Trouver un équilibre institutionnel accompagné de nouveaux accords utiles à la Suisse est un but atteignable

L’UE a donc imposé son propre calendrier et, à moins de progrès dans la négociation institutionnelle, l’équivalence boursière accordée à la Suisse ne sera pas renouvelée. En toute vraisemblance, le durcissement ne s’arrêtera pas là. Toutefois, l’UE n’entend pas non plus saborder sa relation avec la Suisse, une relation complexe mais bénéfique. Même si la «fenêtre d’opportunité» est étroite, il devrait être possible de s’entendre sur une voie médiane. Trouver un équilibre institutionnel accompagné de nouveaux accords utiles à la Suisse est un but atteignable. L’objectif reste l’encadrement de la relation et, en parallèle, une participation accrue de la Suisse au substrat du marché intérieur de l’UE. Un équilibre qui pourrait grandement faciliter l’approbation de l’accord à parapher lors des futures votations populaires.

Nouvelles interrogations

Si une telle approche a sa logique, elle est semée d’embûches. Le spectre des «juges étrangers», un fantôme difficile à chasser dans l’imagerie populaire, n’est que la partie visible. On découvre soudainement et avec étonnement que d’autres aspects sont délicats, par exemple la question des aides d’Etat, un secteur important du droit économique de l’UE. Il s’agit d’un système rodé dont le principe d’interdiction, accompagné d’un organe de surveillance, apparaît largement antinomique avec la politique économique suisse. Ces nouvelles interrogations concernant la reprise du droit des aides d’Etat disent mieux que toute autre explication la méconnaissance de ce qu’est le marché intérieur de l’UE. Cet écueil peut, à nouveau, être évité mais il faudra redoubler d’efforts.
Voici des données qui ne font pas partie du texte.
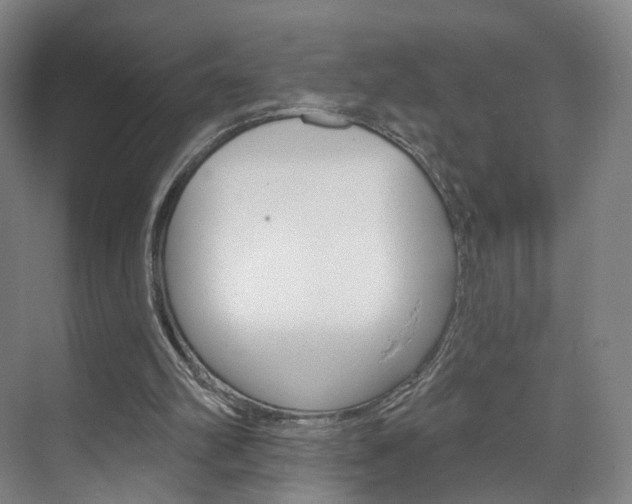 X0000071850102200606301140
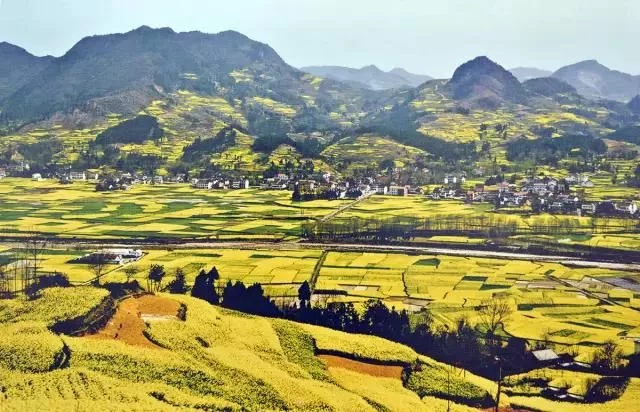 中国最美的油菜花海,油菜花逐渐“染黄”了神州大地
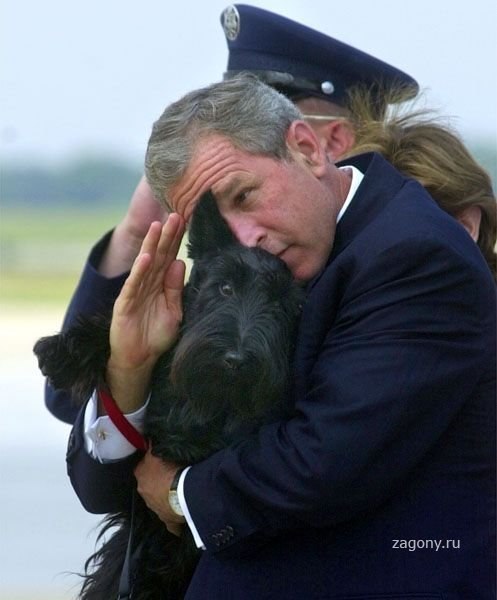 Смешной президент: подборка прикольных фото Джорджа Буша младшего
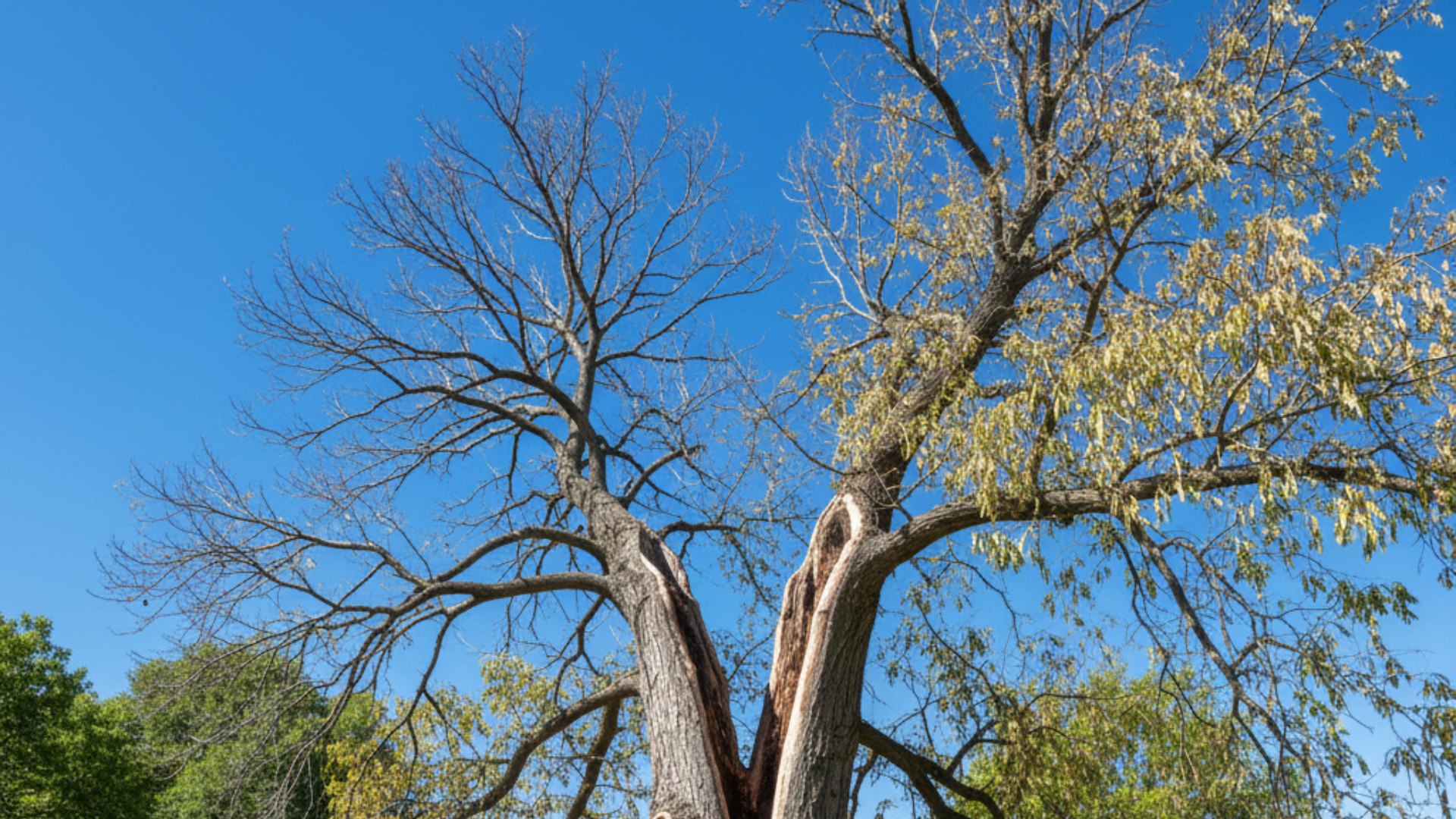 Proyecto nuevo (2) arborista certificado en trabajos verticales de arboricultura madrid jardinería pacheco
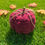 Thumbnail: Chunky Knit Pumpkins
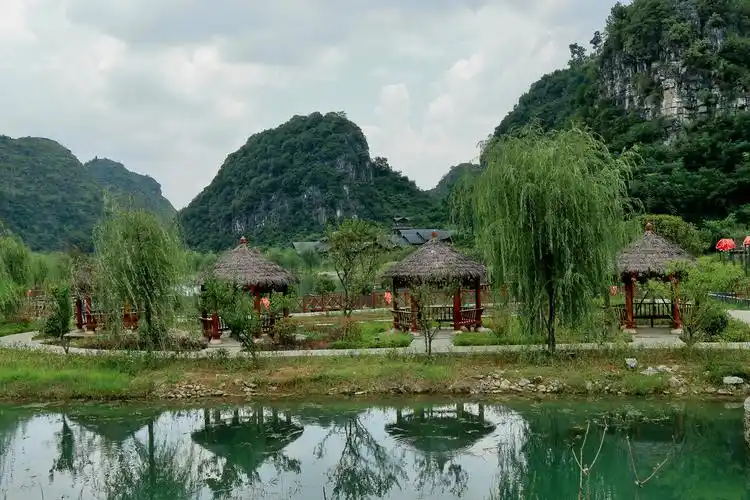 【镇宁·千年高荡树】 位于安顺市镇宁县城西南面,坐落在黄果树上游的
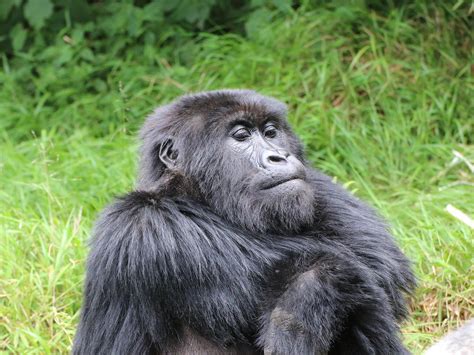 A Guide To Gorilla Trekking In Volcanoes National Park Rwanda Trek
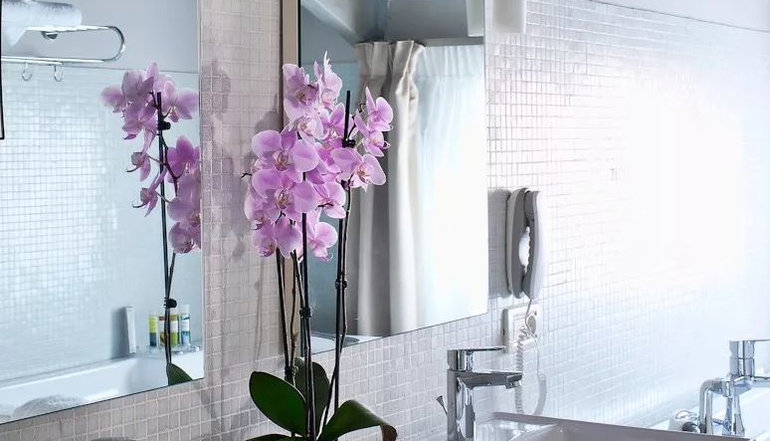 4* Rimondi Boutique Hotels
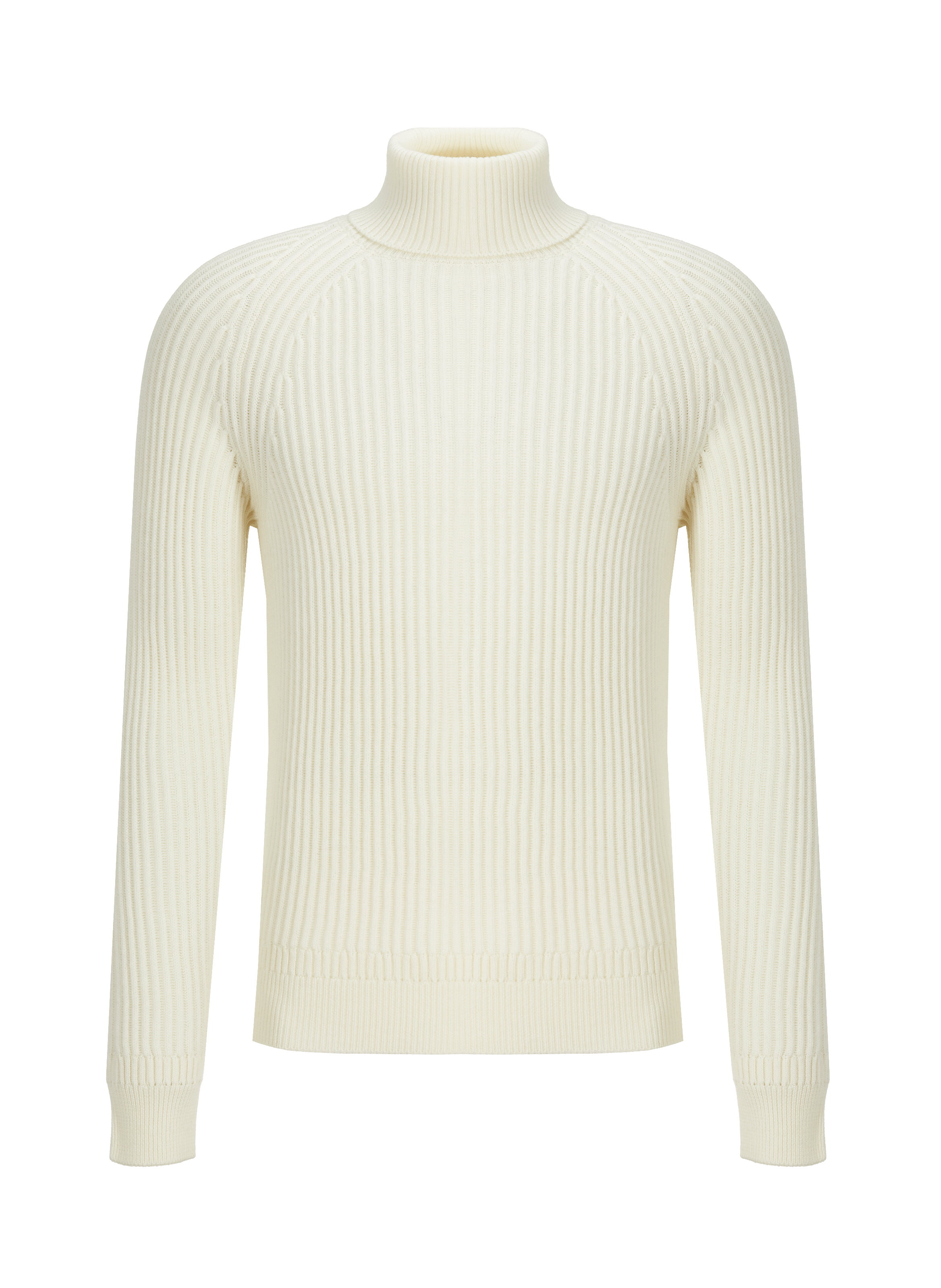 Pull col roulé en laine vierge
Aussi important qu’il soit, il est vrai que l’appartenance même partielle de la Suisse au marché intérieur pose problème. En effet, on ne tombe pas aisément amoureux d’un marché intérieur. Si l’Europe, c’est peut-être «bon pour la tête», il faut que le cœur y soit. Si le cœur n’y est pas, il faudrait alors abandonner l’idée sans plus, pour un modèle plus attrayant. Et on le sait, on le sent, il n’y a pas d’autre option. L’impasse est donc réelle. Une politique d’attentisme deviendrait un exercice de corde raide périlleux et on sait que l’attrait du vide n’est pas dans l’ADN de la Suisse.